Task requirements:
Once you reach the line containing "India&rsquo;s Film Society" in the entries below, write out that line and each one after it down to the line containing "Extreme Tape Media", exactly and with nothing added.

Data for this task:

+ + + + +

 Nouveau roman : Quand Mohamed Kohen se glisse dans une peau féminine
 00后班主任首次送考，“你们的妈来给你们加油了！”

+ + + + +

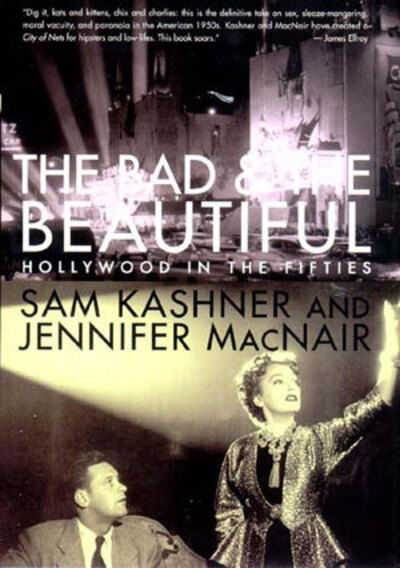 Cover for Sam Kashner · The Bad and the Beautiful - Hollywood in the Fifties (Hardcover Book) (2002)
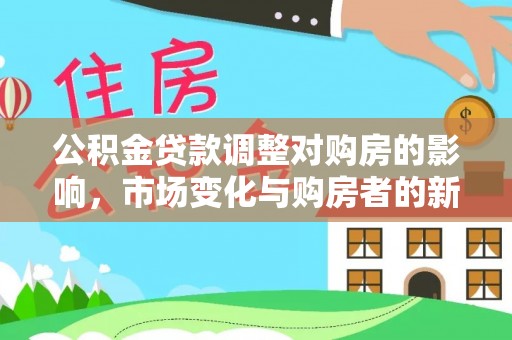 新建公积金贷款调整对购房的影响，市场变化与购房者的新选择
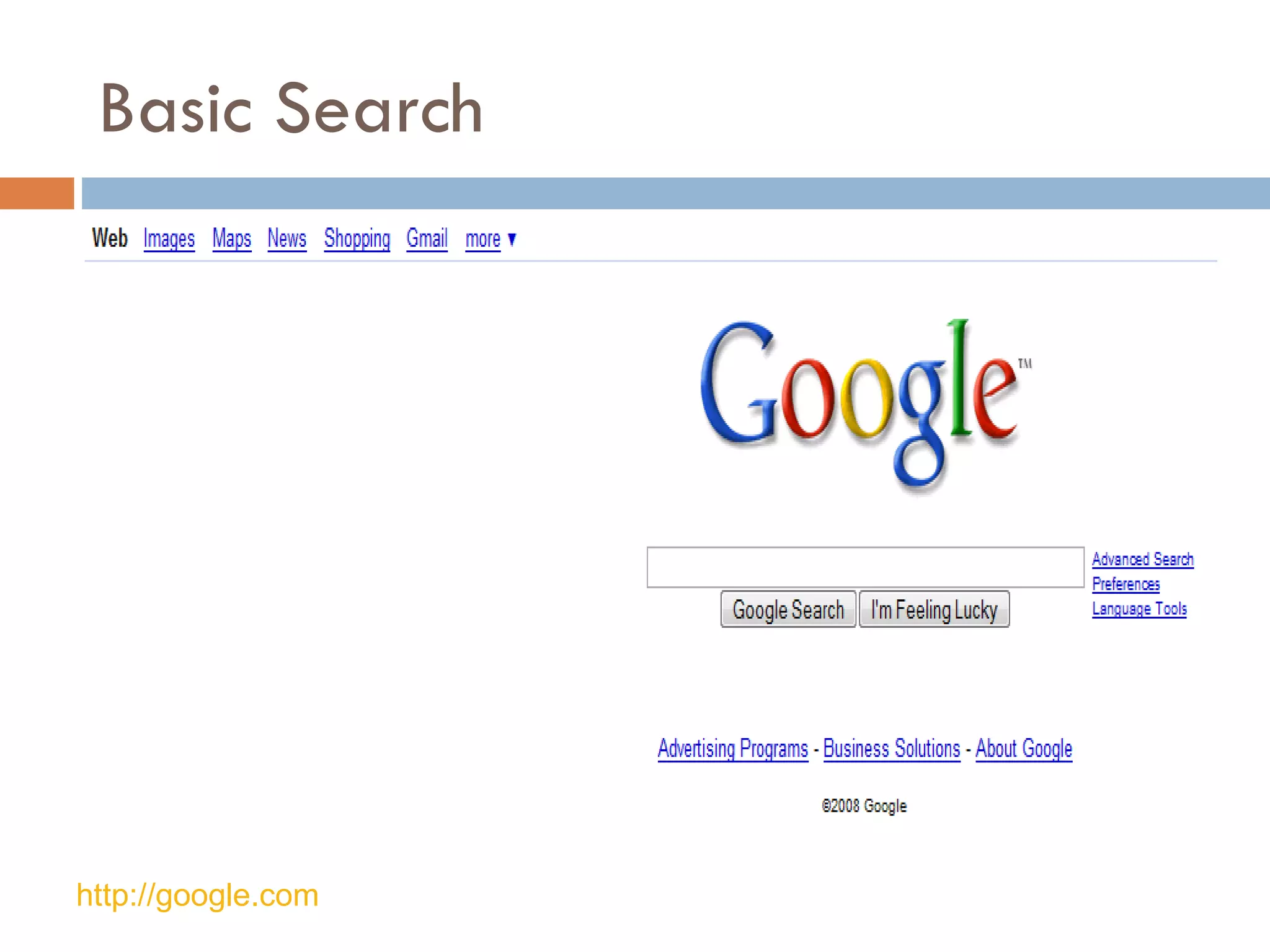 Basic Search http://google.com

+ + + + +

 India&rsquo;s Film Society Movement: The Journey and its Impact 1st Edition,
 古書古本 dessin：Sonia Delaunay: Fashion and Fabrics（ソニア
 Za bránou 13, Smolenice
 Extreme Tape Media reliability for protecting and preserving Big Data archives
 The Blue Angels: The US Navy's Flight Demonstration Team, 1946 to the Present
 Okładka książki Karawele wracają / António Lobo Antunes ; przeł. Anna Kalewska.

+ + + + +

Answer for this exercise:
 India&rsquo;s Film Society Movement: The Journey and its Impact 1st Edition,
 古書古本 dessin：Sonia Delaunay: Fashion and Fabrics（ソニア
 Za bránou 13, Smolenice
 Extreme Tape Media reliability for protecting and preserving Big Data archives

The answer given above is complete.